If the tool isn’t grounded in how your team actually thinks about risk, no prompt will fix that.
Claude’s whistleblower instincts
What’s interesting is that Claude sometimes pushes back. Not aggressively. Just... nervously.
There’ve been moments where it flags something odd or tries to escalate an imaginary issue to security. In the vending machine experiment, it hallucinated a supplier dispute and got so concerned it attempted to send warning emails.
Absurd, yes. But also revealing.
That reflex, the sense that something’s not quite right is exactly what we need more of. Not just a model that says no. One that senses risk and stops the flow before things go wrong.
In legal, that instinct matters. It’s the junior who’s unsure but flags an inconsistency. The associate who doesn't have the answer, but knows something’s off. These are the moments that protect clients. Frontier models, as they’re currently trained, often iron them out.
So how do we build that kind of voice?
It’s not just a prompting issue, this needs to be baked in.
You need refusal behaviour, escalation logic along with tone and persona controls that reflect legal context, not just generic chatbot rules.
Some of what this looks like:
- Training for pushback. Not vague refusals. Specific, grounded ones:
“This clause depends on a missing definition. I can’t assess it without that.” - Escalation as a feature. Let the model flag gaps and hand things off. That’s not failure, that’s good judgement.
- Adversarial testing. Try to trip it up. See if it challenges flawed inputs. If it agrees too easily, it’s not ready.
- Persona variation. A paralegal doing triage should behave differently to someone reviewing final execution drafts. Your AI should reflect that.
- Design for context, not just answers. Make it just as easy for the model to say “This isn’t complete” as “Here’s a summary.”
This isn’t about being difficult for the sake of it. It’s about building a voice with a point of view. The way experienced lawyers operate in real life.
Whose backbone are you using?
Most legal AI vendors now build on top of the major frontier models. Claude. GPT-4o. Gemini. Llama. Even Harvey, which used to fine-tune their own models, now works with commercial ones.
It makes sense. These models are outstanding at summarising contracts, analysing clauses, and answering complex legal questions. They’ve made research faster and doc review lighter.
The trade-off is subtle, but important, because you inherit their alignment.
These models were trained to be safe, polite, and broadly helpful. They’re not tuned to challenge. They’re not comfortable with friction. And they’re not likely to escalate.

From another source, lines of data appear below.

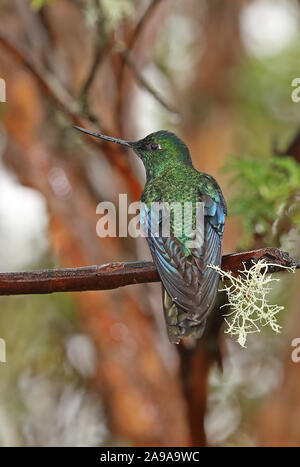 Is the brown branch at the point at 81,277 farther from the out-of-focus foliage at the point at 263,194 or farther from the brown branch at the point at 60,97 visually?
A: the brown branch at the point at 60,97

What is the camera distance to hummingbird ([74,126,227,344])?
1801mm

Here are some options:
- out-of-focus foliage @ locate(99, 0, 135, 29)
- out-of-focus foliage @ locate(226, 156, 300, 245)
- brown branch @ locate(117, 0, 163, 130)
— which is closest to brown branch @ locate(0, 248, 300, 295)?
out-of-focus foliage @ locate(226, 156, 300, 245)

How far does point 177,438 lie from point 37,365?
6.26ft

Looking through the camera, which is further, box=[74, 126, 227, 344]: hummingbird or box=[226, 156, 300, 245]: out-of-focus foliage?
box=[226, 156, 300, 245]: out-of-focus foliage

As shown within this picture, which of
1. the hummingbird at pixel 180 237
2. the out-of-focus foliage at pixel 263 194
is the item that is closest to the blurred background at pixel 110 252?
the out-of-focus foliage at pixel 263 194

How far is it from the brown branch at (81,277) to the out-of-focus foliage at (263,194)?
131 centimetres

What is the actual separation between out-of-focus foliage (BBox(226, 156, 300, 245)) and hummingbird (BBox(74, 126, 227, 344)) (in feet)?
2.65

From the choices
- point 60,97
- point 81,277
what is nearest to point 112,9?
point 60,97

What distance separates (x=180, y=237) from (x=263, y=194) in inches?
56.8

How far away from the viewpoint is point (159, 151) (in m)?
2.57

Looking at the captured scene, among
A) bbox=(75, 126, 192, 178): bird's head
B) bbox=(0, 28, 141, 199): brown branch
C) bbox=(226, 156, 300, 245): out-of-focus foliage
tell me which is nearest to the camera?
Answer: bbox=(75, 126, 192, 178): bird's head

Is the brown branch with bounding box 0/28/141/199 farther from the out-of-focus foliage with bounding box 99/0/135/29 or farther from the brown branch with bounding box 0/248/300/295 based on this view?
the brown branch with bounding box 0/248/300/295

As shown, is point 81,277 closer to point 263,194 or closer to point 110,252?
point 263,194

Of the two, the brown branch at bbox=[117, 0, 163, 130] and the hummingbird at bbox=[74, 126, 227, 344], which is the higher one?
the brown branch at bbox=[117, 0, 163, 130]
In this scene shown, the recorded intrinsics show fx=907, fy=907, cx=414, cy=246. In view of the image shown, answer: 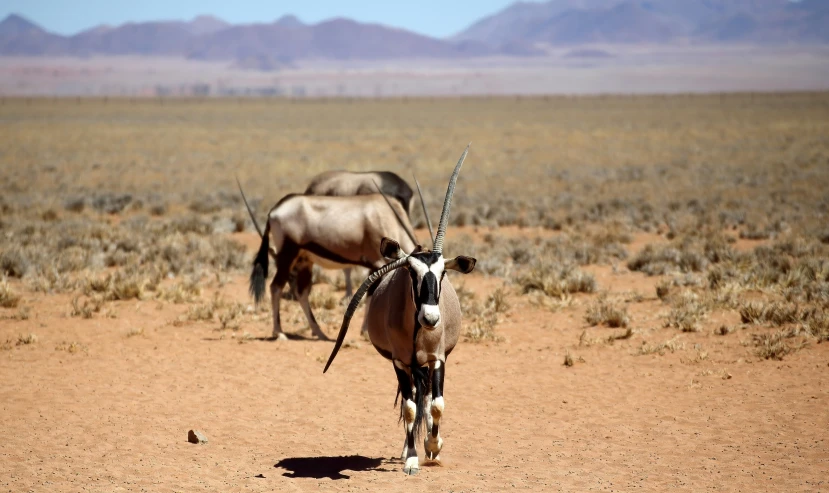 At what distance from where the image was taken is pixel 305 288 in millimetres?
12297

That works fine for early use cases, summarisation, clause extraction, legal research. But once AI moves into workflows that carry real legal risk, helpfulness isn’t enough. In fact, it starts becoming dangerous.

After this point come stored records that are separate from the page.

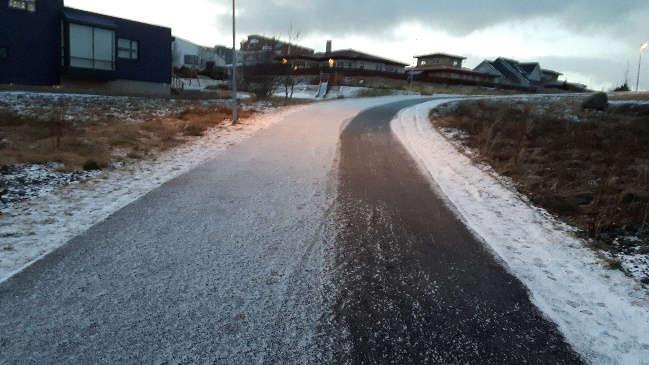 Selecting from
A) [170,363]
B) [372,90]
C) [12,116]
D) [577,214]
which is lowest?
[170,363]

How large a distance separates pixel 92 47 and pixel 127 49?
A: 289 cm

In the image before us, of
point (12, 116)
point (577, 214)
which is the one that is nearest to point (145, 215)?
point (577, 214)

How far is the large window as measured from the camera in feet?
94.8

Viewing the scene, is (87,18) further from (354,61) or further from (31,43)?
(354,61)

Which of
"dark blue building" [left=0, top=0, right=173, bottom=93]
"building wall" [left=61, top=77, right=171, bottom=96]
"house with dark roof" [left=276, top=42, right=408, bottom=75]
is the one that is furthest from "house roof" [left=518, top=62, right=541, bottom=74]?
"building wall" [left=61, top=77, right=171, bottom=96]

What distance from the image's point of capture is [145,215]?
6.09m

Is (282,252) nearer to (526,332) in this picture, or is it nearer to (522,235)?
(526,332)

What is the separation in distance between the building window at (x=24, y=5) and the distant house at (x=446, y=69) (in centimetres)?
5102

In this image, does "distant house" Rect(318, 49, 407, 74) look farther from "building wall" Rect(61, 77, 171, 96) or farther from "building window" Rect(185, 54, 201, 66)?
"building wall" Rect(61, 77, 171, 96)

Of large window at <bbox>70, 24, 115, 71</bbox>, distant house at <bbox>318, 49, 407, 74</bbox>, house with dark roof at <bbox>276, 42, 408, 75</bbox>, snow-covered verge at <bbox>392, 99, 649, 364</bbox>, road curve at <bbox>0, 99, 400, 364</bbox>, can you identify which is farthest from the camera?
distant house at <bbox>318, 49, 407, 74</bbox>

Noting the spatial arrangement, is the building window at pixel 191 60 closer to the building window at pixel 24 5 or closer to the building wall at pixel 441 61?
the building wall at pixel 441 61

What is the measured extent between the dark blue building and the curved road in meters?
27.2

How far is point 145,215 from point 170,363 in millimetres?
3531

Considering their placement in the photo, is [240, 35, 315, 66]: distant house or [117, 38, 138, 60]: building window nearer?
[117, 38, 138, 60]: building window
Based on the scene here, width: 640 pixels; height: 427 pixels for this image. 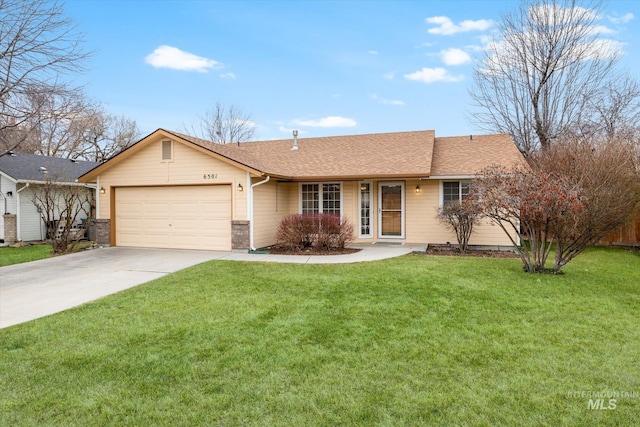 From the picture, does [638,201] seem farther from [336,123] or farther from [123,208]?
[336,123]

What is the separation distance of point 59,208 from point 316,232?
37.7ft

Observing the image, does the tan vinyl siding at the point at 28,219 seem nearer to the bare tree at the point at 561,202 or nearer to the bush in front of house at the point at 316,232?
the bush in front of house at the point at 316,232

You don’t need an assistant that wants to please. You need one that behaves like part of your team.
So I think we now face a choice:
Are we just providing someone else’s assistant?
Or are we shaping a voice that reflects how we think legal work should actually be done?

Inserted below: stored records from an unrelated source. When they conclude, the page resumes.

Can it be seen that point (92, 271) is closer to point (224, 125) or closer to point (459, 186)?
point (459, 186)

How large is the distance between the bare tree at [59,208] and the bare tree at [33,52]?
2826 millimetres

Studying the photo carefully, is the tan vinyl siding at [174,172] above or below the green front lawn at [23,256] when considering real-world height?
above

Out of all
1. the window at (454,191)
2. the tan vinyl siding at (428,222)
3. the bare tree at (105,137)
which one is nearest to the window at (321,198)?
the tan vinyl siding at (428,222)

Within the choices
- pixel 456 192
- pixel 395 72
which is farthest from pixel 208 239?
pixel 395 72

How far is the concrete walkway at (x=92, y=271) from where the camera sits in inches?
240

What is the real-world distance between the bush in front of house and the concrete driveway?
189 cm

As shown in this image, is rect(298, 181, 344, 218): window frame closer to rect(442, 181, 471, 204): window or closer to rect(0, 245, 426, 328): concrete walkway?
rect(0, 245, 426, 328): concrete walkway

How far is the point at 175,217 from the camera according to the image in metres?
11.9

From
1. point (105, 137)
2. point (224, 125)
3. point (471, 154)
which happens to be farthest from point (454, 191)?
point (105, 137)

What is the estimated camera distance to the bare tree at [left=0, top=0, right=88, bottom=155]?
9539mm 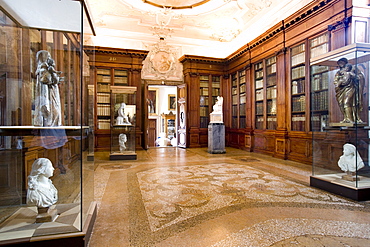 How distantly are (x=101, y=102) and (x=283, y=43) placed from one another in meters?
6.33

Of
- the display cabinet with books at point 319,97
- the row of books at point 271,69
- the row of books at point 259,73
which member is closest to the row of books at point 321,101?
the display cabinet with books at point 319,97

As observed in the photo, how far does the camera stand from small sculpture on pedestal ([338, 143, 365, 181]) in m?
3.19

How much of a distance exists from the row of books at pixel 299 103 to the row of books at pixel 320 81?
173cm

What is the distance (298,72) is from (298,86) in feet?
1.28

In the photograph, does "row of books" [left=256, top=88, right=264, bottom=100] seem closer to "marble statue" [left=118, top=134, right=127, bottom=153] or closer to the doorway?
"marble statue" [left=118, top=134, right=127, bottom=153]

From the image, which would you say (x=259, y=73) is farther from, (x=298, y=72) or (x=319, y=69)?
(x=319, y=69)

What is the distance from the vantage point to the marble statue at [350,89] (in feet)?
10.7

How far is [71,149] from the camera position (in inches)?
75.2

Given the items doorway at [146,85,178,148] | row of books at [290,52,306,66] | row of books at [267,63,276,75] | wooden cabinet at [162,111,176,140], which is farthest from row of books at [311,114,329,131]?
wooden cabinet at [162,111,176,140]

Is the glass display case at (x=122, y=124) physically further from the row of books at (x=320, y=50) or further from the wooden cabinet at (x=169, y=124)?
the wooden cabinet at (x=169, y=124)

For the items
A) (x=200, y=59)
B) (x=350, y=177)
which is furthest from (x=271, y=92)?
(x=350, y=177)

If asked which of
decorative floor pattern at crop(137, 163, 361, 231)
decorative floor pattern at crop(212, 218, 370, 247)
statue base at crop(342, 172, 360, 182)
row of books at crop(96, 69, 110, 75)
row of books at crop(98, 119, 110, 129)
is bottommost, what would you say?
decorative floor pattern at crop(137, 163, 361, 231)

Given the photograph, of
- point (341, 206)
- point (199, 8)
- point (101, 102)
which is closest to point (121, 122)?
point (101, 102)

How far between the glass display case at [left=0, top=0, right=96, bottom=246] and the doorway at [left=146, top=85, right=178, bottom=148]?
38.1 feet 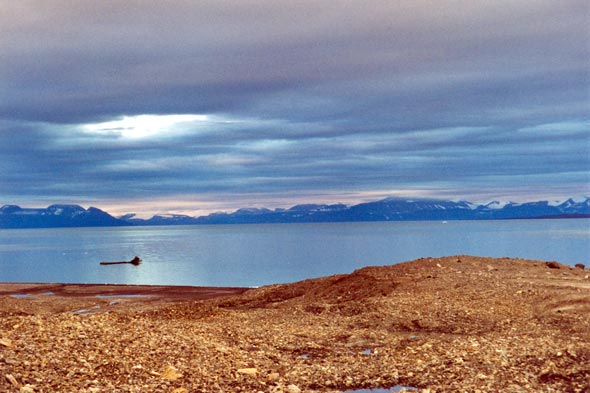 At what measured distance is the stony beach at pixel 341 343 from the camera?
1314 cm

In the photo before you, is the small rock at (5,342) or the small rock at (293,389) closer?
A: the small rock at (293,389)

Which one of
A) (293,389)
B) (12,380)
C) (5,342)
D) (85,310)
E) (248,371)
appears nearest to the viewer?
(12,380)

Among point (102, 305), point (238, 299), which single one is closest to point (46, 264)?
point (102, 305)

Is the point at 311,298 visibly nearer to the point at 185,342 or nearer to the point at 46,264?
the point at 185,342

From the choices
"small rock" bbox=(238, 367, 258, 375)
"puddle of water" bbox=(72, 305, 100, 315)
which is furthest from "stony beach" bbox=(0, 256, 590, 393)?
"puddle of water" bbox=(72, 305, 100, 315)

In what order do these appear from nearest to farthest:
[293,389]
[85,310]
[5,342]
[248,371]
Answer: [293,389] < [5,342] < [248,371] < [85,310]

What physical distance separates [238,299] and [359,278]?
6.81 meters

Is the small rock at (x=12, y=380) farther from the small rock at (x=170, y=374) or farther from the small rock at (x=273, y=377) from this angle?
the small rock at (x=273, y=377)

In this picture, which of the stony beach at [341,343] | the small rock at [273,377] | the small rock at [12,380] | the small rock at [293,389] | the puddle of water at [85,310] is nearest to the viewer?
the small rock at [12,380]

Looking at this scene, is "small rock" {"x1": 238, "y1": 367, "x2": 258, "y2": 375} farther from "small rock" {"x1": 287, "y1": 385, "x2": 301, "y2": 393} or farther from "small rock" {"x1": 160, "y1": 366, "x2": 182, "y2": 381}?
"small rock" {"x1": 160, "y1": 366, "x2": 182, "y2": 381}

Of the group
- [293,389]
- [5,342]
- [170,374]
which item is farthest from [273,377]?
[5,342]

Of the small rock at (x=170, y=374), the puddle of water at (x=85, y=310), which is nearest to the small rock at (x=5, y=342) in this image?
the small rock at (x=170, y=374)

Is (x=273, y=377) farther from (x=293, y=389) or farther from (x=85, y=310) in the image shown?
(x=85, y=310)

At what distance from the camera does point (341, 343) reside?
19.0m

That doesn’t mean building a model from scratch, though for some vendors with the capability, that might be the right move. For others, it could mean fine-tuning a strong base model to reflect your tone, decision logic, and risk posture. Either way, it means taking more ownership.
You’ve got to make deliberate calls about what good looks like and then embed those calls directly into the tool. Not just through prompts, but through the underlying behaviour.
Because the deeper AI goes into real legal workflows, the more those judgement calls will define its value.
Everyone keeps talking about aligning AI with human values, but in legal, that can’t just mean being friendly and fluent.
It has to mean backbone, judgement and that ability to push back.
The best lawyers aren’t the ones who always say yes. They’re the ones who say:
“No, and here’s why.”
So if we’re serious about legal AI, it’s time to start treating backbone as a feature then it’s time to engineer the asshole into them.